PROVIDED INFORMATION:

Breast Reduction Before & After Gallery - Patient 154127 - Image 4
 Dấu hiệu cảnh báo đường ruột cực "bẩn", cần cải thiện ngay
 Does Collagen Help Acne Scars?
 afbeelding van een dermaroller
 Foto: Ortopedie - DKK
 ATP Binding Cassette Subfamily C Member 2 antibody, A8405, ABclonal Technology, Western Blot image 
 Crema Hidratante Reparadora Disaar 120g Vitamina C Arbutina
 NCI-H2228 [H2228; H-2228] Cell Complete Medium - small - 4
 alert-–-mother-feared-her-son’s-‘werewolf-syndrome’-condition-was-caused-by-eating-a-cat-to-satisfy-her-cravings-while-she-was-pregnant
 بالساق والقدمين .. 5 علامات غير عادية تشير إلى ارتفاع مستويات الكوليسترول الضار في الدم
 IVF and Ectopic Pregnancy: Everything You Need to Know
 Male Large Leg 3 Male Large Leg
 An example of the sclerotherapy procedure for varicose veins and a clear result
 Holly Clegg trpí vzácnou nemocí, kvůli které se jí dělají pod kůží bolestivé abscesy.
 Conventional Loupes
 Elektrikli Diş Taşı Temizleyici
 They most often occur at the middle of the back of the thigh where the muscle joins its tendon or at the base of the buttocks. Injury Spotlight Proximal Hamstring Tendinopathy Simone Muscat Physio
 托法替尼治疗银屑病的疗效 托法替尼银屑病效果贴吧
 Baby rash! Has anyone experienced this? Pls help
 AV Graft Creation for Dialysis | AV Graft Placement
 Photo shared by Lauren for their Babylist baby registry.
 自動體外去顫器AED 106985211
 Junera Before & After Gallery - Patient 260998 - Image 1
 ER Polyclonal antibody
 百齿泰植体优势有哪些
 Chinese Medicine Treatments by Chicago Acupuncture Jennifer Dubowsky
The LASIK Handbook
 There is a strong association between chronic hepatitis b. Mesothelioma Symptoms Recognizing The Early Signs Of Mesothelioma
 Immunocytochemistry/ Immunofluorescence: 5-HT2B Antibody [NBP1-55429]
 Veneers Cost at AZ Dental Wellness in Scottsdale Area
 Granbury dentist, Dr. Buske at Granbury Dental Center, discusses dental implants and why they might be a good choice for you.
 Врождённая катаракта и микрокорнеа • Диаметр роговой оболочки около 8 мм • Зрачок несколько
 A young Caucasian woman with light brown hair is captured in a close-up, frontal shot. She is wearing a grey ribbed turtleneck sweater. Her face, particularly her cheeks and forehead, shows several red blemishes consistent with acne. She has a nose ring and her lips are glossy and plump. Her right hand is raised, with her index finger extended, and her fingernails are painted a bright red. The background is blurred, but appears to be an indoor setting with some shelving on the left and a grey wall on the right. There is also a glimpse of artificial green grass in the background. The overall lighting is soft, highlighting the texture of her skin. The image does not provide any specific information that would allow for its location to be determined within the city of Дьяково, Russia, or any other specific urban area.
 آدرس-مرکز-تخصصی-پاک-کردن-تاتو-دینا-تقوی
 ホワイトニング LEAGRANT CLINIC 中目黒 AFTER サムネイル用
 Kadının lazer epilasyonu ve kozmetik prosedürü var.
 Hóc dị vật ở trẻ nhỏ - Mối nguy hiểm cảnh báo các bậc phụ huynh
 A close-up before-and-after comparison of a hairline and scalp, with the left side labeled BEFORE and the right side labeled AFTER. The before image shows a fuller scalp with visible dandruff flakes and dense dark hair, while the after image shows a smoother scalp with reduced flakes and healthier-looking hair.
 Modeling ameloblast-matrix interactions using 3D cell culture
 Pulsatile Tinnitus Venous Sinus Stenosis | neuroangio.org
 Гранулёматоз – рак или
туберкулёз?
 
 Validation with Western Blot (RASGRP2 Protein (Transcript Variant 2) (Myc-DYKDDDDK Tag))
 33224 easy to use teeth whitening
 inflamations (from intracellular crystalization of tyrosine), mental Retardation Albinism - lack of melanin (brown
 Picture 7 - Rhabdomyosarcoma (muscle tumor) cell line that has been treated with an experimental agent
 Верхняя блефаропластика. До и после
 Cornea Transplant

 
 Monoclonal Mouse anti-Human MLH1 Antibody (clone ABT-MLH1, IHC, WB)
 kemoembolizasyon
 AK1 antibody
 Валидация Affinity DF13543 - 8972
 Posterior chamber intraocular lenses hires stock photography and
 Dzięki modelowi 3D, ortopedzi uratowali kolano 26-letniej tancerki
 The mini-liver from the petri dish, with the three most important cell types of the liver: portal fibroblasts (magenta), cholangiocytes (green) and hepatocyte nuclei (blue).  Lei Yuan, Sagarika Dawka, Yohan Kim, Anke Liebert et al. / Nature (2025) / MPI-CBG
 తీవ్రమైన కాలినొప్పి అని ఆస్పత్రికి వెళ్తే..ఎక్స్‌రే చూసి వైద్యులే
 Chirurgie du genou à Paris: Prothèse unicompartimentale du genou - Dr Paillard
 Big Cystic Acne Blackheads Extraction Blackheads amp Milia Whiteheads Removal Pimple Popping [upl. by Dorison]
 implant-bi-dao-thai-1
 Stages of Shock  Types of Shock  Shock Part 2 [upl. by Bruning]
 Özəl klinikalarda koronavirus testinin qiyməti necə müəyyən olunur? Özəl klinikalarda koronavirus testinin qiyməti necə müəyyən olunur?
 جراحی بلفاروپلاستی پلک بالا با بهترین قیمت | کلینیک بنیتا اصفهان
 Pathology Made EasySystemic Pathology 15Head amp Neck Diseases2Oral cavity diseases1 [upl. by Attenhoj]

WHAT NEEDS TO BE DONE: Write the entries out once more, exactly as given.

RESULT FOR THIS EXERCISE:
Breast Reduction Before & After Gallery - Patient 154127 - Image 4
 Dấu hiệu cảnh báo đường ruột cực "bẩn", cần cải thiện ngay
 Does Collagen Help Acne Scars?
 afbeelding van een dermaroller
 Foto: Ortopedie - DKK
 ATP Binding Cassette Subfamily C Member 2 antibody, A8405, ABclonal Technology, Western Blot image 
 Crema Hidratante Reparadora Disaar 120g Vitamina C Arbutina
 NCI-H2228 [H2228; H-2228] Cell Complete Medium - small - 4
 alert-–-mother-feared-her-son’s-‘werewolf-syndrome’-condition-was-caused-by-eating-a-cat-to-satisfy-her-cravings-while-she-was-pregnant
 بالساق والقدمين .. 5 علامات غير عادية تشير إلى ارتفاع مستويات الكوليسترول الضار في الدم
 IVF and Ectopic Pregnancy: Everything You Need to Know
 Male Large Leg 3 Male Large Leg
 An example of the sclerotherapy procedure for varicose veins and a clear result
 Holly Clegg trpí vzácnou nemocí, kvůli které se jí dělají pod kůží bolestivé abscesy.
 Conventional Loupes
 Elektrikli Diş Taşı Temizleyici
 They most often occur at the middle of the back of the thigh where the muscle joins its tendon or at the base of the buttocks. Injury Spotlight Proximal Hamstring Tendinopathy Simone Muscat Physio
 托法替尼治疗银屑病的疗效 托法替尼银屑病效果贴吧
 Baby rash! Has anyone experienced this? Pls help
 AV Graft Creation for Dialysis | AV Graft Placement
 Photo shared by Lauren for their Babylist baby registry.
 自動體外去顫器AED 106985211
 Junera Before & After Gallery - Patient 260998 - Image 1
 ER Polyclonal antibody
 百齿泰植体优势有哪些
 Chinese Medicine Treatments by Chicago Acupuncture Jennifer Dubowsky
The LASIK Handbook
 There is a strong association between chronic hepatitis b. Mesothelioma Symptoms Recognizing The Early Signs Of Mesothelioma
 Immunocytochemistry/ Immunofluorescence: 5-HT2B Antibody [NBP1-55429]
 Veneers Cost at AZ Dental Wellness in Scottsdale Area
 Granbury dentist, Dr. Buske at Granbury Dental Center, discusses dental implants and why they might be a good choice for you.
 Врождённая катаракта и микрокорнеа • Диаметр роговой оболочки около 8 мм • Зрачок несколько
 A young Caucasian woman with light brown hair is captured in a close-up, frontal shot. She is wearing a grey ribbed turtleneck sweater. Her face, particularly her cheeks and forehead, shows several red blemishes consistent with acne. She has a nose ring and her lips are glossy and plump. Her right hand is raised, with her index finger extended, and her fingernails are painted a bright red. The background is blurred, but appears to be an indoor setting with some shelving on the left and a grey wall on the right. There is also a glimpse of artificial green grass in the background. The overall lighting is soft, highlighting the texture of her skin. The image does not provide any specific information that would allow for its location to be determined within the city of Дьяково, Russia, or any other specific urban area.
 آدرس-مرکز-تخصصی-پاک-کردن-تاتو-دینا-تقوی
 ホワイトニング LEAGRANT CLINIC 中目黒 AFTER サムネイル用
 Kadının lazer epilasyonu ve kozmetik prosedürü var.
 Hóc dị vật ở trẻ nhỏ - Mối nguy hiểm cảnh báo các bậc phụ huynh
 A close-up before-and-after comparison of a hairline and scalp, with the left side labeled BEFORE and the right side labeled AFTER. The before image shows a fuller scalp with visible dandruff flakes and dense dark hair, while the after image shows a smoother scalp with reduced flakes and healthier-looking hair.
 Modeling ameloblast-matrix interactions using 3D cell culture
 Pulsatile Tinnitus Venous Sinus Stenosis | neuroangio.org
 Гранулёматоз – рак или
туберкулёз?
 
 Validation with Western Blot (RASGRP2 Protein (Transcript Variant 2) (Myc-DYKDDDDK Tag))
 33224 easy to use teeth whitening
 inflamations (from intracellular crystalization of tyrosine), mental Retardation Albinism - lack of melanin (brown
 Picture 7 - Rhabdomyosarcoma (muscle tumor) cell line that has been treated with an experimental agent
 Верхняя блефаропластика. До и после
 Cornea Transplant

 
 Monoclonal Mouse anti-Human MLH1 Antibody (clone ABT-MLH1, IHC, WB)
 kemoembolizasyon
 AK1 antibody
 Валидация Affinity DF13543 - 8972
 Posterior chamber intraocular lenses hires stock photography and
 Dzięki modelowi 3D, ortopedzi uratowali kolano 26-letniej tancerki
 The mini-liver from the petri dish, with the three most important cell types of the liver: portal fibroblasts (magenta), cholangiocytes (green) and hepatocyte nuclei (blue).  Lei Yuan, Sagarika Dawka, Yohan Kim, Anke Liebert et al. / Nature (2025) / MPI-CBG
 తీవ్రమైన కాలినొప్పి అని ఆస్పత్రికి వెళ్తే..ఎక్స్‌రే చూసి వైద్యులే
 Chirurgie du genou à Paris: Prothèse unicompartimentale du genou - Dr Paillard
 Big Cystic Acne Blackheads Extraction Blackheads amp Milia Whiteheads Removal Pimple Popping [upl. by Dorison]
 implant-bi-dao-thai-1
 Stages of Shock  Types of Shock  Shock Part 2 [upl. by Bruning]
 Özəl klinikalarda koronavirus testinin qiyməti necə müəyyən olunur? Özəl klinikalarda koronavirus testinin qiyməti necə müəyyən olunur?
 جراحی بلفاروپلاستی پلک بالا با بهترین قیمت | کلینیک بنیتا اصفهان
 Pathology Made EasySystemic Pathology 15Head amp Neck Diseases2Oral cavity diseases1 [upl. by Attenhoj]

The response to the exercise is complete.